Abstract
Handling of Pharmaceutical Deviations: A Detailed Case Study
Pharmaceutical Quality Assurance Group, Department of Pharmaceutics, JSS College of Pharmacy, JSS Academy of Higher Education & Research, Sri Shivarathreeshwara Nagara, Mysuru-570015, Karnataka, India
Correspondence Address:
S. H. KUMAR, Pharmaceutical Quality Assurance Group, Department of Pharmaceutics, JSS College of Pharmacy, JSS Academy of Higher Education & Research, Sri Shivarathreeshwara Nagara, Mysuru-570015, Karnataka, India, Email: hemanthkumar@jssuni.edu.in
Deviations are the differences which are measured between the expected or normal values and the observed values for a product or process condition from a procedure or a documented standard.
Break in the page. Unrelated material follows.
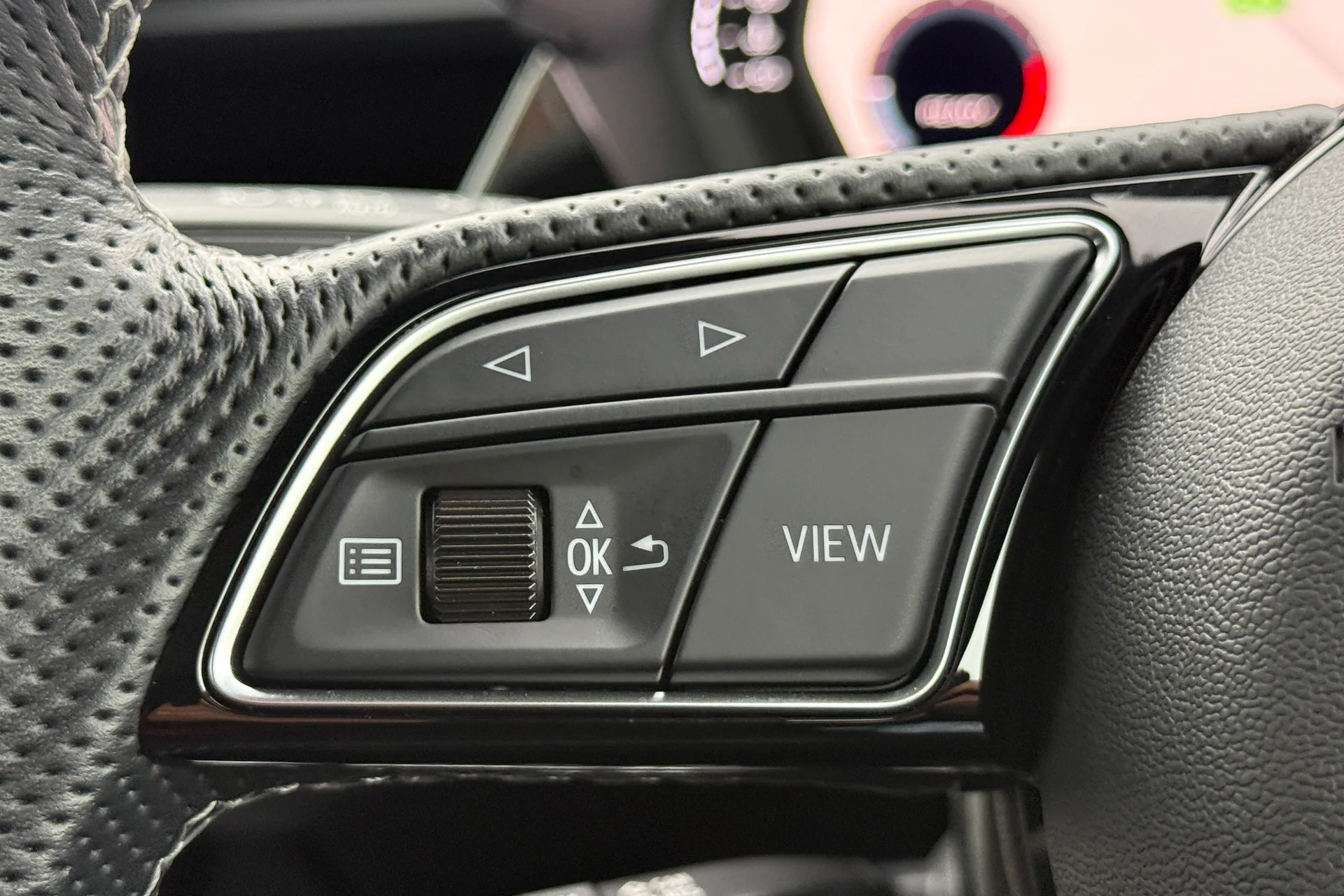 Audi A3 thumbnail image number 28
Deviations occur almost every day in the pharmaceutical industries, handling of deviations and minimising the recurrence of them has very critical considerations in the quality management system of the pharmaceutical industry. This article explains the procedure for handling of deviations by identifying the deviation, understanding its criticality, conduct root cause analysis and suggesting corrective and preventive action for it. This is explained through various case studies such as out of calibration equipment’s, facility modification, temperature excursions, out of specification during the manufacturing process, with a detailed process about the handling of deviations.